PATH=/usr/local/bin:/usr/bin:/bin:/usr/sbin:/sbin
HOME=/home/username
USER=username
SHELL=/bin/bash
LANG=en_US.UTF-8
...
プログラムから環境変数の使い方
C++のプログラムから環境変数を取得したり、編集したりしてみましょう。
環境変数の取得
#include <cstdlib>
#include <iostream>
int main() {
const char* path = std::getenv("PATH");
if (path) {
std::cout << "PATH: " << path << std::endl;
} else {
std::cout << "PATH environment variable is not set." << std::endl;
}
return 0;
}
解説
環境変数を操作するgetenv
などの関数を使用するためにcstdlib
ライブラリをインクルードします。
const char* path = std::getenv("PATH");
この部分では、getenv
関数を使用して環境変数PATH
を取得しています。getenv
関数は対象の環境変数への文字列型ポインタを返します。
環境変数の設定
#include <cstdlib>
#include <iostream>
int main() {
// 環境変数を設定
if (setenv("MY_VAR", "my_value", 1) != 0) {
std::cerr << "Failed to set environment variable" << std::endl;
return 1;
}
// 環境変数を取得して表示
const char* my_var = getenv("MY_VAR");
if (my_var) {
std::cout << "MY_VAR: " << my_var << std::endl;
} else {
std::cout << "MY_VAR is not set." << std::endl;
}
return 0;
}
解説
環境変数の設定にはsetenv関数を使用します。
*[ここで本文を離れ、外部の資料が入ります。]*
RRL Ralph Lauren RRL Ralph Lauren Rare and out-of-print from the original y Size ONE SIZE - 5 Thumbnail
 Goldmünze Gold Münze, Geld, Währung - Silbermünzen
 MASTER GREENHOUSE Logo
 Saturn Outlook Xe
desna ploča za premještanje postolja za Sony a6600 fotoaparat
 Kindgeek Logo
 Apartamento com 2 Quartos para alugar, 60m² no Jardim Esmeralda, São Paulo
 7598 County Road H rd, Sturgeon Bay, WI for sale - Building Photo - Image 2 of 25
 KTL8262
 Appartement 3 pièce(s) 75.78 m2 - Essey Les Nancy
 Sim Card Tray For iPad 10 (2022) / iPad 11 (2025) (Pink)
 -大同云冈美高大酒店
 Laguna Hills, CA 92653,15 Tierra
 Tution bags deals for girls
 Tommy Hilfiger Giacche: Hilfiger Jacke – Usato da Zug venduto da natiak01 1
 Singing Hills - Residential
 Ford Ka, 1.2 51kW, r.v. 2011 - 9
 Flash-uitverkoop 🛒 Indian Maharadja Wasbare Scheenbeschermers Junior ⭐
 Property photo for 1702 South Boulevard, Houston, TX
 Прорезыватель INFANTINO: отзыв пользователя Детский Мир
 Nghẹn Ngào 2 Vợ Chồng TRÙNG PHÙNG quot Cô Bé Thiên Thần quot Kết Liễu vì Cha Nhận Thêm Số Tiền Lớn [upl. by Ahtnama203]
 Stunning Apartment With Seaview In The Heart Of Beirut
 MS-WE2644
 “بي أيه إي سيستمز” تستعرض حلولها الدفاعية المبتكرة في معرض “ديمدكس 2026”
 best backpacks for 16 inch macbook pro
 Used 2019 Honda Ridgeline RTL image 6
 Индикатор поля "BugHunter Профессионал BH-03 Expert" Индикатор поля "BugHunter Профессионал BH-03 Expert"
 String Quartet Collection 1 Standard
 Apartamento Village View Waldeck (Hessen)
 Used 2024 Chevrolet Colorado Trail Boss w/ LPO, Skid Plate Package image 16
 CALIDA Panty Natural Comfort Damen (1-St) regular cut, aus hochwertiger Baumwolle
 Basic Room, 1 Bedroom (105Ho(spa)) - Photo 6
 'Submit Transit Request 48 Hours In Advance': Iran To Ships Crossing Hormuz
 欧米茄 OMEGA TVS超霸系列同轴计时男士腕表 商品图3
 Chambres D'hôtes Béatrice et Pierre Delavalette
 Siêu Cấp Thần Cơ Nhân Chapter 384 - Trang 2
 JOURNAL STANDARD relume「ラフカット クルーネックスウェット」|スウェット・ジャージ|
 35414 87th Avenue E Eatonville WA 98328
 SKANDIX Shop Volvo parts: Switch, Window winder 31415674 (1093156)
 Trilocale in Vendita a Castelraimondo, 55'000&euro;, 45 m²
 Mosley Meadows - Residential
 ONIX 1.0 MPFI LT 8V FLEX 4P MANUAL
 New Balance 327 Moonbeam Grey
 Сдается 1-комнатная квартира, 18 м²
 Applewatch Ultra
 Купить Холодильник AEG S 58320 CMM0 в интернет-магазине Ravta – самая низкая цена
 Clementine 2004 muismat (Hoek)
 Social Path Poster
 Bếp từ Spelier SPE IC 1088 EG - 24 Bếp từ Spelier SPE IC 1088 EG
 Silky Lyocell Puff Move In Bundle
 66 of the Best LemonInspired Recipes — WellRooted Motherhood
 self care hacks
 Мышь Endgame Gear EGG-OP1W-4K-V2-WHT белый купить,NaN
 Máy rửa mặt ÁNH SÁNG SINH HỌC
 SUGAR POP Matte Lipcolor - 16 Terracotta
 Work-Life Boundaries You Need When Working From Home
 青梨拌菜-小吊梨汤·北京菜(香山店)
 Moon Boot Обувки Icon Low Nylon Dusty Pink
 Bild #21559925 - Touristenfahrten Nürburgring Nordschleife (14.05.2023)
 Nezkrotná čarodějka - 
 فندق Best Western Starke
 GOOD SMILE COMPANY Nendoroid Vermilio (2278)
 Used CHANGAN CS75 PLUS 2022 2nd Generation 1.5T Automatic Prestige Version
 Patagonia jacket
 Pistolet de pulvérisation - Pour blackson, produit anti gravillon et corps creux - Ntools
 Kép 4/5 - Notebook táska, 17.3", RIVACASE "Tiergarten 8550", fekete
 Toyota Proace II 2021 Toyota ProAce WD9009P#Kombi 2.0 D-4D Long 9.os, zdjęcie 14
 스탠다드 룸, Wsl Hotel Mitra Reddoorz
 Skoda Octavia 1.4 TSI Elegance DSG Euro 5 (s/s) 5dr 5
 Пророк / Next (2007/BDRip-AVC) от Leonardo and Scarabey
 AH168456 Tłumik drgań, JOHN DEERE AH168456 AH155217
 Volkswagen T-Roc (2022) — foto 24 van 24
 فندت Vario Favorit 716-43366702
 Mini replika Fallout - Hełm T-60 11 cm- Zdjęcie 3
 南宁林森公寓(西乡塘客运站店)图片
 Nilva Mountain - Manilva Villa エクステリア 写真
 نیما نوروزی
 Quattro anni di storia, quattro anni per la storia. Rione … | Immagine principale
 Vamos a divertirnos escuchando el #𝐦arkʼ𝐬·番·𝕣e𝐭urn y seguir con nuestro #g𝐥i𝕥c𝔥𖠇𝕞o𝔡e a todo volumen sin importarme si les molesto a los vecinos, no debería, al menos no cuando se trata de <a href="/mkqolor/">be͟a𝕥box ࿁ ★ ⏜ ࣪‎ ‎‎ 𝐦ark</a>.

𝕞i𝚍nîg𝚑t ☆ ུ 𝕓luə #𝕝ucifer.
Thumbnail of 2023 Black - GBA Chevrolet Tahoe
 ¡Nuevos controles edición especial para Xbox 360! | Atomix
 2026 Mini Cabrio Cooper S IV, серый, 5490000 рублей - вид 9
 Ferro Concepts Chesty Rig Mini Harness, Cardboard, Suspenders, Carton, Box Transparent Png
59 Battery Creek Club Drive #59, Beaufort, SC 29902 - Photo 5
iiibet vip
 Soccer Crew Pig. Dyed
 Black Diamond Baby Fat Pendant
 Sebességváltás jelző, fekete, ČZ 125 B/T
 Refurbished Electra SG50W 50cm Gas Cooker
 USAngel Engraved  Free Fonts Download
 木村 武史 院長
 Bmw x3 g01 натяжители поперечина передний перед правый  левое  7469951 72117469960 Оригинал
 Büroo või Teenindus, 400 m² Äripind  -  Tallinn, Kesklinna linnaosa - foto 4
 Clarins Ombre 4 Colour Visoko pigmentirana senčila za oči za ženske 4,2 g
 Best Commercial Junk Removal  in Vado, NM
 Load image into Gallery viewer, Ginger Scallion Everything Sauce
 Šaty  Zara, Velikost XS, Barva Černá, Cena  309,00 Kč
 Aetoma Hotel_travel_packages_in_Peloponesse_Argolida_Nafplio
この例では環境変数MY_VAR
をmy_value
に設定します。第三引数の1
は、すでに存在する環境変数を上書きすることを示します。
環境変数の削除
#include <cstdlib>
#include <iostream>
int main() {
// 環境変数を設定
if (setenv("MY_VAR", "my_value", 1) != 0) {
std::cerr << "Failed to set environment variable" << std::endl;
return 1;
}
// 環境変数の削除
unsetenv("MY_VAR");
// 環境変数を取得して表示
const char* my_var = getenv("MY_VAR");
if (my_var) {
std::cout << "MY_VAR: " << my_var << std::endl;
} else {
std::cout << "MY_VAR is not set." << std::endl;
}
return 0;
}
解説
環境変数の削除にはunsetenv
関数を使用します。使い方は簡単で、引数に削除したい環境変数を指定するだけです。
最後に
今回は環境変数の概要とC++のプログラムからの操作方法について紹介しました。